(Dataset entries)
▼▼▼

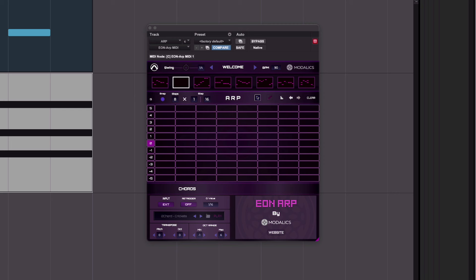This is Jillian for Production Expert. I'm going to be looking at Modalix EON ARP, which is one of the new MIDI plugins introduced with Pro Tools 2020.4.3. It's an arpeggiator, and that makes it the most fun.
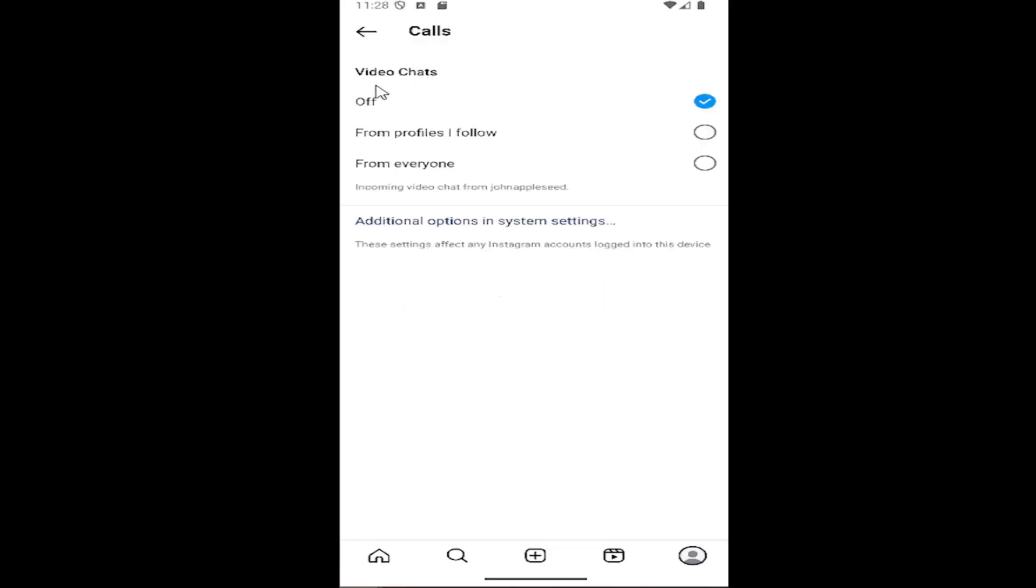And where it says video chats, you can turn that off just by selecting the off option right there. You can also select from profiles you follow or if you want to re-enable it later, you can select from everyone.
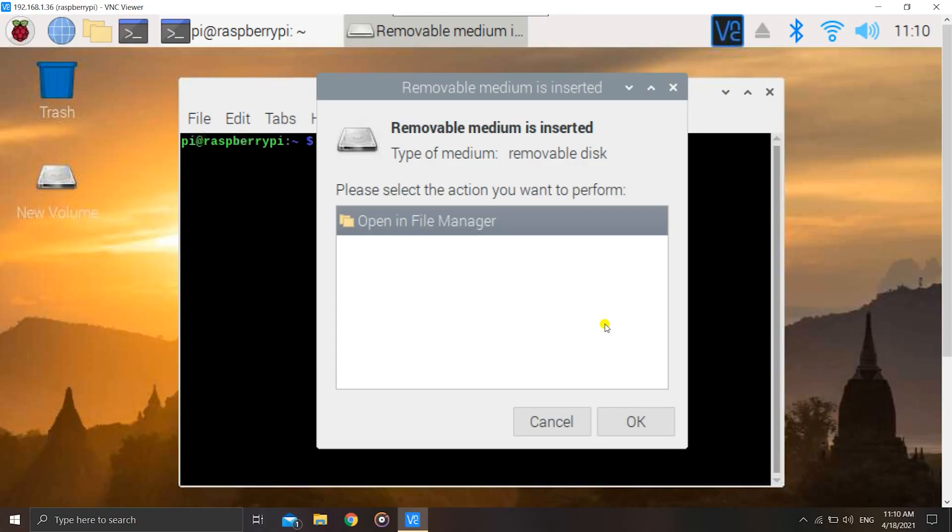In today's video, we'll be mounting the hard disk to a specific location on the Raspberry Pi. By default, the Pi mounts the hard disk but it mounts it to a certain point where there are some permissions issues, and when we make projects, the hard disks are not detected by those projects.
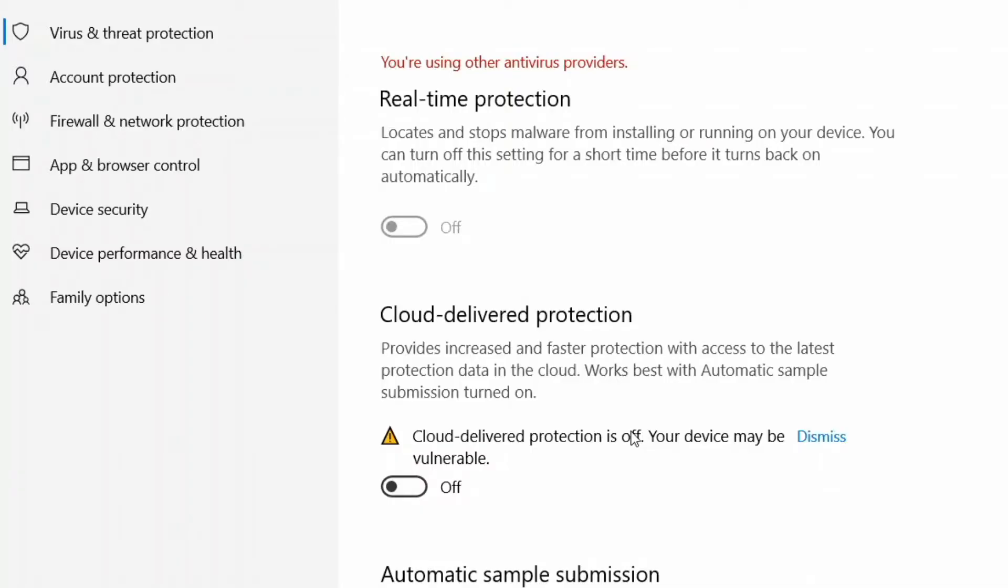Some users have said they have fixed slow USB 3.0 file transfer rate by disabling Windows security.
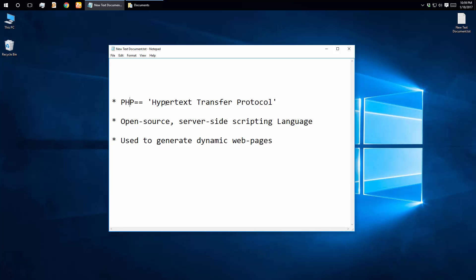PHP has a full meaning, which is Hypertext Preprocessor. PHP is open source, server-side, scripting language.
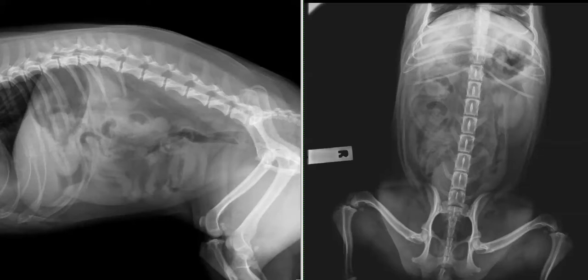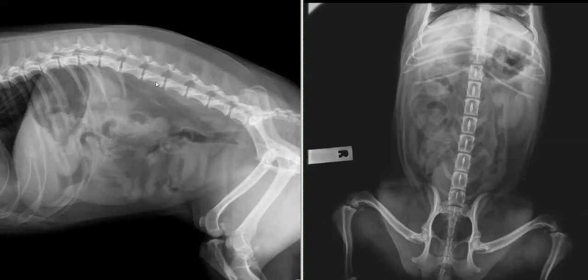Make sure that your study is diagnostic and fit for interpretation. On the lateral projection, you need to ensure that you've collimated out to include all of the diaphragm cranially, back to the greater trochanter. Check that the lateral projection is appropriately lateral — look at the transverse processes as they come out from the vertebral bodies; they should be superimposed over one another in a lateral study, as this one is.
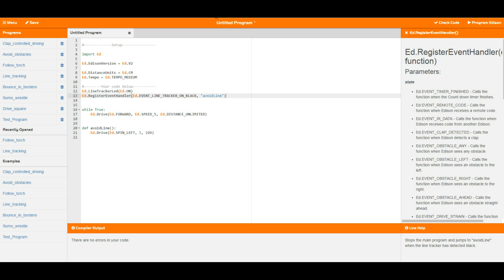An event basically means to Edison that something has happened. If we say we want an event handler, that tells Edison that when an event happens we want to stop whatever we were doing and go over to that event handler and do whatever it tells us to do.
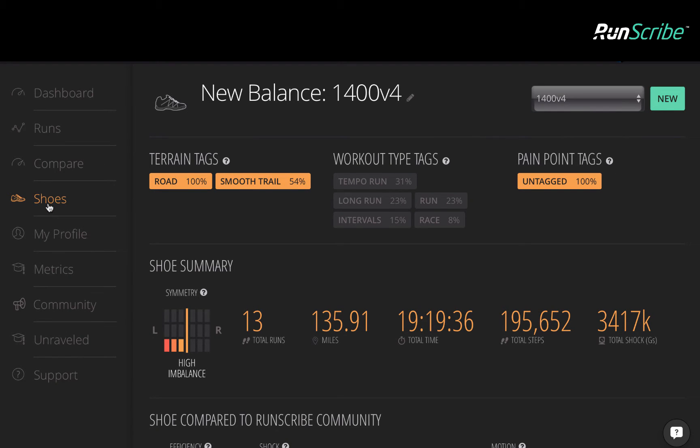In this case study, our runner has dealt with recurring injury over a lifetime of running, and in using RunScribe, realized that they have asymmetries.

▲▲▲

> Task prompt
The copy you output must match the entries above exactly, except that it has no pictures.

> Answer for the task
This is Jillian for Production Expert. I'm going to be looking at Modalix EON ARP, which is one of the new MIDI plugins introduced with Pro Tools 2020.4.3. It's an arpeggiator, and that makes it the most fun.
And where it says video chats, you can turn that off just by selecting the off option right there. You can also select from profiles you follow or if you want to re-enable it later, you can select from everyone.
In today's video, we'll be mounting the hard disk to a specific location on the Raspberry Pi. By default, the Pi mounts the hard disk but it mounts it to a certain point where there are some permissions issues, and when we make projects, the hard disks are not detected by those projects.
Some users have said they have fixed slow USB 3.0 file transfer rate by disabling Windows security.
PHP has a full meaning, which is Hypertext Preprocessor. PHP is open source, server-side, scripting language.
Make sure that your study is diagnostic and fit for interpretation. On the lateral projection, you need to ensure that you've collimated out to include all of the diaphragm cranially, back to the greater trochanter. Check that the lateral projection is appropriately lateral — look at the transverse processes as they come out from the vertebral bodies; they should be superimposed over one another in a lateral study, as this one is.
An event basically means to Edison that something has happened. If we say we want an event handler, that tells Edison that when an event happens we want to stop whatever we were doing and go over to that event handler and do whatever it tells us to do.
In this case study, our runner has dealt with recurring injury over a lifetime of running, and in using RunScribe, realized that they have asymmetries.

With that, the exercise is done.